-- Information follows --

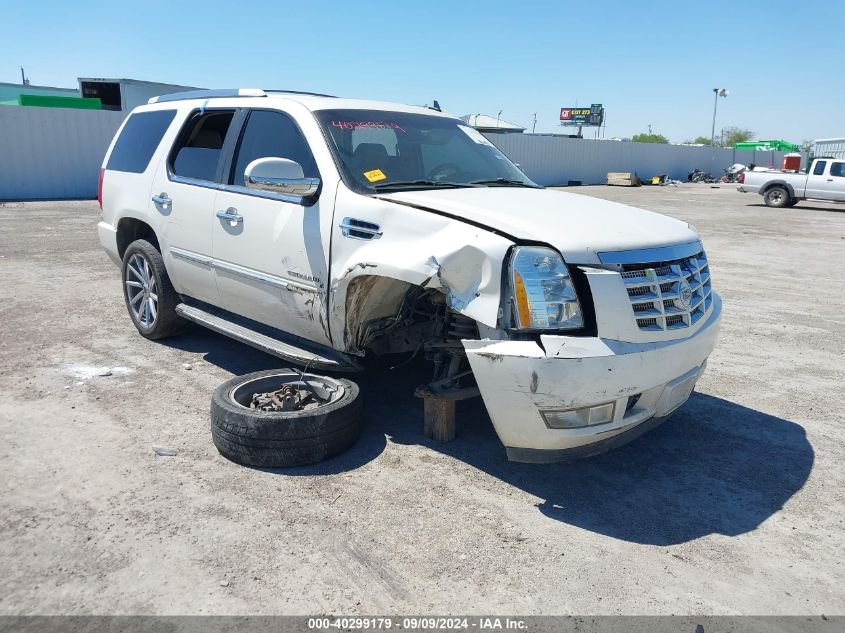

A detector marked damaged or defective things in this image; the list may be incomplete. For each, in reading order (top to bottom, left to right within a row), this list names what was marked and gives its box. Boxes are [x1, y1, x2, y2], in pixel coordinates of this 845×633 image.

detached bumper piece [462, 294, 720, 462]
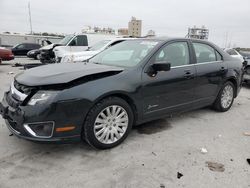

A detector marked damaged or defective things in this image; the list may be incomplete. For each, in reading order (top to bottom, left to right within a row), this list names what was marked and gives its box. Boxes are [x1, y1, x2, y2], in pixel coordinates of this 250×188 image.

crumpled hood [16, 63, 123, 86]
broken headlight [27, 90, 58, 106]
damaged front bumper [0, 92, 82, 143]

-- Information concluded --

*What you will do:* An exact reproduction of the material above is needed, without its pictures.

*Output:*
A detector marked damaged or defective things in this image; the list may be incomplete. For each, in reading order (top to bottom, left to right within a row), this list names what was marked and gives its box. Boxes are [x1, y1, x2, y2], in pixel coordinates of this 845×633 image.

detached bumper piece [462, 294, 720, 462]

A detector marked damaged or defective things in this image; the list may be incomplete. For each, in reading order (top to bottom, left to right within a row), this list names what was marked and gives its box. Boxes are [x1, y1, x2, y2], in pixel coordinates of this 250×188 image.

crumpled hood [16, 63, 123, 86]
broken headlight [27, 90, 58, 106]
damaged front bumper [0, 92, 82, 143]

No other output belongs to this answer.